Ballard & the Black Sea

The man who found the Titanic searches for signs of Noah’s flood


BY SEAN MARKEY
National Geographic.com


About this story: Early in my career in the late summer and fall of 2000, I spent a month on the Black Sea as a field producer for Nationalgeographic.com, chronicling via live Web dispatches and photographs an expedition led by oceanographer Robert Ballard and a team of archaeologists as they combed the Black Sea for signs of ancient settlements and shipwrecks. Excerpts follow.
 

Dispatch 1: Expedition Prologue

It is an old story

But one that still can be told

—Gilgamesh

ISTANBUL—At daybreak Muslim calls to prayer rouse me from sleep. I open my hotel window and gaze out at the waters that swirl at the feet of this ancient city. From my vantage point, the Bosporus Strait appears as a thin ribbon of water. It is a faint but transfixing sight.

Recent evidence suggests that some 7,000 years ago a natural earthen dam spanning the Bosporus was breached, eroded by rising sea levels of the Mediterranean that followed the last ice age. Some experts suggest water thundered into the Black Sea basin with an estimated force 20 times greater than Niagara Falls, flooding land and a freshwater lake.

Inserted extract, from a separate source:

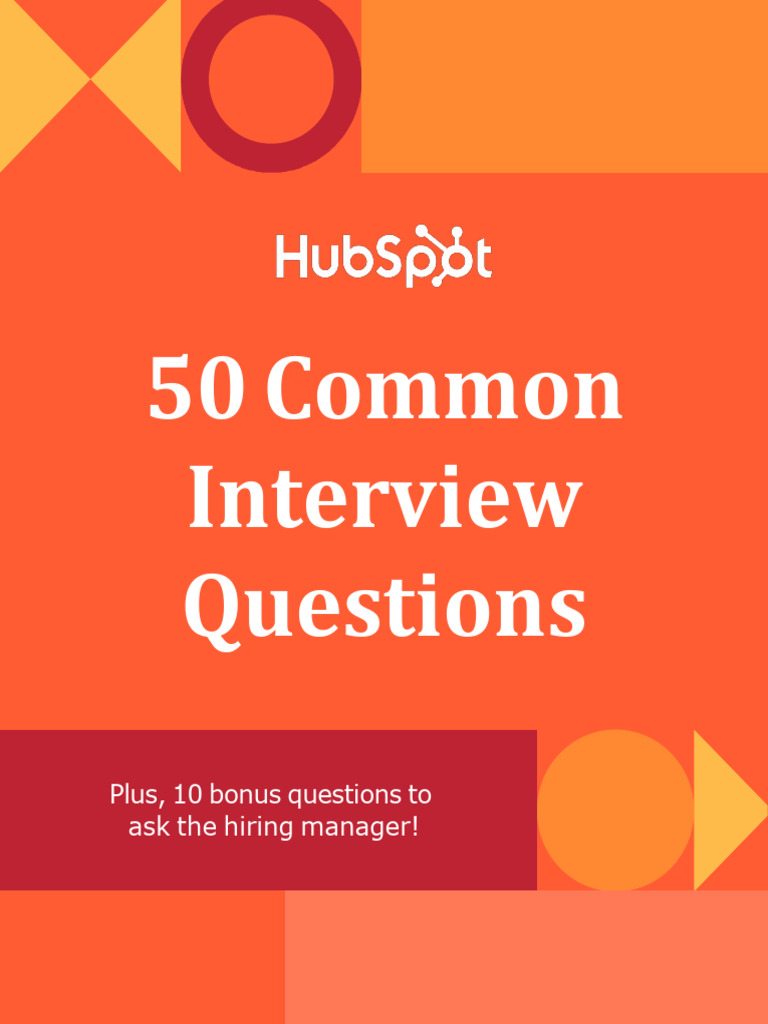 Ebook - 50 Common Interview Questions | PDF | Leadership | Goal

Was that violent geologic event the source of the Biblical flood story and even older epic histories? I decide it is too heady a thought to contemplate at such an early hour.

Months of planning and anticipation have finally winnowed to days. Tomorrow the expedition, led by oceanographer and underwater explorer Dr. Robert Ballard, will begin.

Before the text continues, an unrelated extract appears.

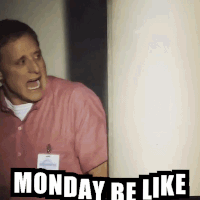 A Man In A Pink Shirt Is Standing Next To A Wall With The Words Monday Be Like GIF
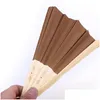 Other Office School Supplies Wholesale Diy Folding Fan Solid Color Single Sided Paper Childrens Painting Gift Wedding Party Favors Dhk08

His mission? To search for evidence of Paleolithic settlements along once-dry lands in the Black Sea basin that preceded its inundation. A second goal is to comb early Black Sea trade routes for ancient shipwrecks. If found, they may be among the best-preserved wooden ships ever discovered.

Ballard is confident there are ships to find. But the quest for “Noah’s house” is more uncertain. One challenge is the scale and nature of what early Paleolithic peoples may have left behind. “What is it that you can find submerged after 7,000 years?” Ballard asks.

But the greater hurdle may lie less with the ravages of the past 7,000 years than with the past 70. Modern-day fishing trawlers, dragging the sea floor with bottom-scraping nets, may have erased what scant evidence remained. “How efficient have they been at removing any evidence?” Ballard wonders.

The expedition team will soon have their answer.
 

Dispatch 3: The Search Begins

Like shells one finds among shore rocks,
Only the slightest evidence

Of life survive.
—Gilgamesh

“We’re picking up lineations again,” Bob Ballard calls out, watching a grayscale sonar image of the sea floor scroll down a monitor screen.

Sitting at Ballard’s side is Gary Austin, a gentle bear of a fellow who grips a joystick with a big paw to adjust the DSL-120’s running depth.

Ten minutes later Ballard calls out again. “Oooh. Upper right. Upper right. There’s a bell-ringer.” Candace Major, the watch data-logger, notes the target’s vital stats.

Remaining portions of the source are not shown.